■ **ASSIGNMENT**: Reproduce verbatim the lines of the material below, starting at the line with "助力机构线上化 爱学习推在线小班与在线双师拒绝转型尴尬" and ending at the line with "گوشه ای اندک", both inclusive; skip the rest.

☆ ☆ ☆ ☆

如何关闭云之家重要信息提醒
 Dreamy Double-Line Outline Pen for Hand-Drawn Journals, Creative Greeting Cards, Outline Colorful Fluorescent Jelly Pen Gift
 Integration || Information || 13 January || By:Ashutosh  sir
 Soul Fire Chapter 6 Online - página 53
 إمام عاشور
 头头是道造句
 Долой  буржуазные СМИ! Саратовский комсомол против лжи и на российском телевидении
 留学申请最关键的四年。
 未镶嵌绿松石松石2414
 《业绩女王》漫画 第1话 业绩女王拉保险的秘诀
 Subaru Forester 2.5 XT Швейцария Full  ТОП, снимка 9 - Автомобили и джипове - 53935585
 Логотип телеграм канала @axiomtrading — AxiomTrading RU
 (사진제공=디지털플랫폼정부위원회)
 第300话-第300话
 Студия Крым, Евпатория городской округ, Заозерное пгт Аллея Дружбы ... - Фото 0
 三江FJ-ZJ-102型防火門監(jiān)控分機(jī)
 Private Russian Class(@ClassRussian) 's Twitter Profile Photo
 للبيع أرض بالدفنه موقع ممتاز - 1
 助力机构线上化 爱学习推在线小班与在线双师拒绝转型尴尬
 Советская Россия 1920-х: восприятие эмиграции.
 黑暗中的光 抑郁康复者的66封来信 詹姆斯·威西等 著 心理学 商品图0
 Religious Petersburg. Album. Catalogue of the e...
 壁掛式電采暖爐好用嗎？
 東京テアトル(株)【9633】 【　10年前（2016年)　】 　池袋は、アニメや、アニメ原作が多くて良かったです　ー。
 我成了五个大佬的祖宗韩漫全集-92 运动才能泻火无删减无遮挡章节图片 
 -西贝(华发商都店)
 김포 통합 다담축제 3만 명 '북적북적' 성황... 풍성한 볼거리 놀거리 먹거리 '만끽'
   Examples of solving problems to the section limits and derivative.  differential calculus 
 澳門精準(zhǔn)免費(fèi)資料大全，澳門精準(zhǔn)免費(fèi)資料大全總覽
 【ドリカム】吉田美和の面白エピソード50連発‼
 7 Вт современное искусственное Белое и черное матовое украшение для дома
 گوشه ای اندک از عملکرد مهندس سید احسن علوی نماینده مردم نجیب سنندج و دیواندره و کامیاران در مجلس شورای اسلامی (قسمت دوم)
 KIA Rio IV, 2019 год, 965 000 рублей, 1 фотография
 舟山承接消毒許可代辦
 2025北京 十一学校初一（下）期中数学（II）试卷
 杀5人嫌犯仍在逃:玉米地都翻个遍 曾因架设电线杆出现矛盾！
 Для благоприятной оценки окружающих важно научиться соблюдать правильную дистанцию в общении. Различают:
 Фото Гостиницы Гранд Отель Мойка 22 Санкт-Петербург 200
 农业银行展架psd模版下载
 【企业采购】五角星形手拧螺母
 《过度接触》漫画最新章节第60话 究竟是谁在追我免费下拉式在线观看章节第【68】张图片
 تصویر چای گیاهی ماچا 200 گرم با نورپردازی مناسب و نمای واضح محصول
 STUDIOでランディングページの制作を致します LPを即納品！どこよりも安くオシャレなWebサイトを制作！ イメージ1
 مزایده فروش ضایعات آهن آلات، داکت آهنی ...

☆ ☆ ☆ ☆

■ **RESPONSE FOR THIS EXERCISE**:
 助力机构线上化 爱学习推在线小班与在线双师拒绝转型尴尬
 Советская Россия 1920-х: восприятие эмиграции.
 黑暗中的光 抑郁康复者的66封来信 詹姆斯·威西等 著 心理学 商品图0
 Religious Petersburg. Album. Catalogue of the e...
 壁掛式電采暖爐好用嗎？
 東京テアトル(株)【9633】 【　10年前（2016年)　】 　池袋は、アニメや、アニメ原作が多くて良かったです　ー。
 我成了五个大佬的祖宗韩漫全集-92 运动才能泻火无删减无遮挡章节图片 
 -西贝(华发商都店)
 김포 통합 다담축제 3만 명 '북적북적' 성황... 풍성한 볼거리 놀거리 먹거리 '만끽'
   Examples of solving problems to the section limits and derivative.  differential calculus 
 澳門精準(zhǔn)免費(fèi)資料大全，澳門精準(zhǔn)免費(fèi)資料大全總覽
 【ドリカム】吉田美和の面白エピソード50連発‼
 7 Вт современное искусственное Белое и черное матовое украшение для дома
 گوشه ای اندک از عملکرد مهندس سید احسن علوی نماینده مردم نجیب سنندج و دیواندره و کامیاران در مجلس شورای اسلامی (قسمت دوم)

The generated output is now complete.